Under current FDA guidelines, vaccine manufacturers are not required to use a placebo—an inert substance such as a saline injection—in pre-licensure trials. Instead, “active comparators” such as other vaccines are commonly used.

This practice speeds up approval, especially when companies argue the control group must be “protected” from the disease being targeted.

But critics say it undermines transparency and obscures harms.

If both the test vaccine and the comparator cause adverse events, the trial may appear to show no safety signal—even if the absolute rate of harm is high.

In this case, the FDA accepted the MenQuadfi trial design without requiring a true placebo group—despite the high rate of reported serious events.

Who pays the price?

Since MenQuadfi is already on the CDC schedule for older children, the pharma companies profiting from this product already have liability protection under U.S. vaccine injury laws.

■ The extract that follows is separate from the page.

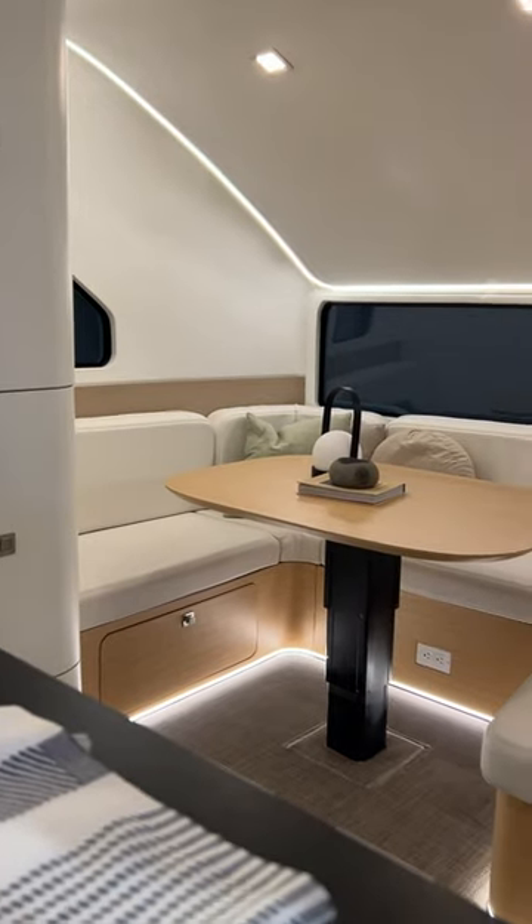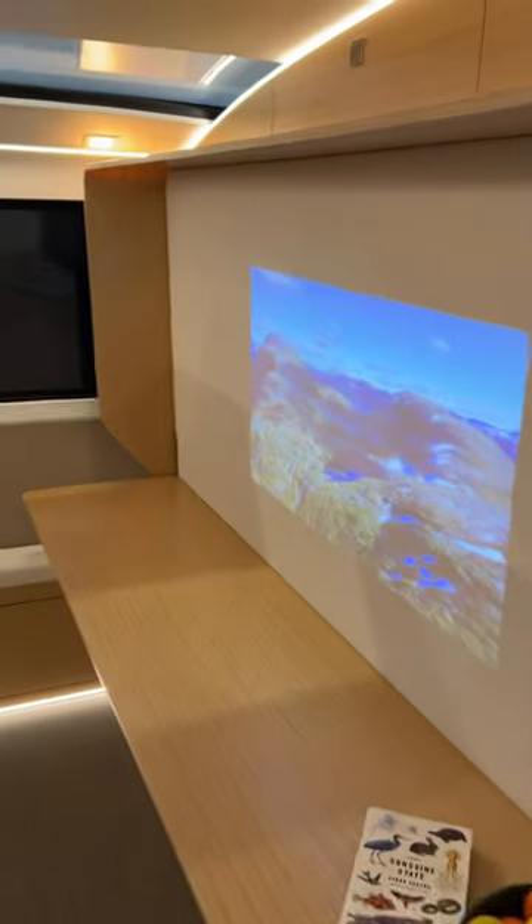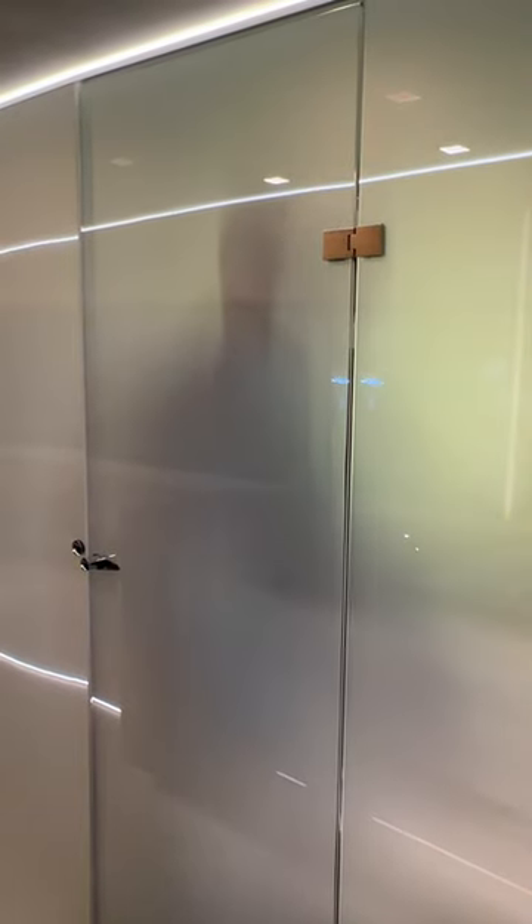There's a yacht-like interior with a lounge that turns into a bed, a spacious kitchen with an induction range, and a desk space that drops down into a bed. But the coolest feature might be this glass bathroom, which turns frosted with the touch of a button.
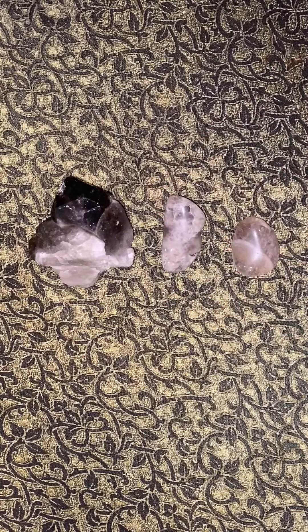Smoky Quartz is found in various locations worldwide, including Brazil, the United States, and Switzerland. The smoky hue in the crystal is caused by natural radiation exposure and the presence of aluminum impurities. The intensity of the color can vary, offering a range from light wisps to deep, rich tones, reminiscent of a misty landscape.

“FDA and pharma have nothing to lose here,” Siri said.

“We, as taxpayers, will pay for all of the harms suffered and, worst of all, the children who are injected and harmed and their families will really pay for the harms,” he added.

It’s not the first time critics have accused the FDA of playing fast and loose with vaccine safety data, especially in the wake of Covid-19.

But this case, Siri argues, is a textbook example of how safety assessments are gamed when it comes to childhood vaccine.

Restoring integrity in vaccine testing

At the heart of Siri’s warning is a plea for scientific integrity.

Without true placebo-controlled trials, he argues, there’s no meaningful way to detect harms—just one untested product being measured against another.

“This isn’t science. It’s a shell game,” he said.

As MenQuadfi rolls out to younger babies, public health officials will no doubt emphasise its potential to prevent a rare but deadly disease.

But advocates like Siri want parents and legislators to understand what’s beneath the product label—not just a vaccine, but a regulatory system that is collapsing under the weight of its own shortcuts.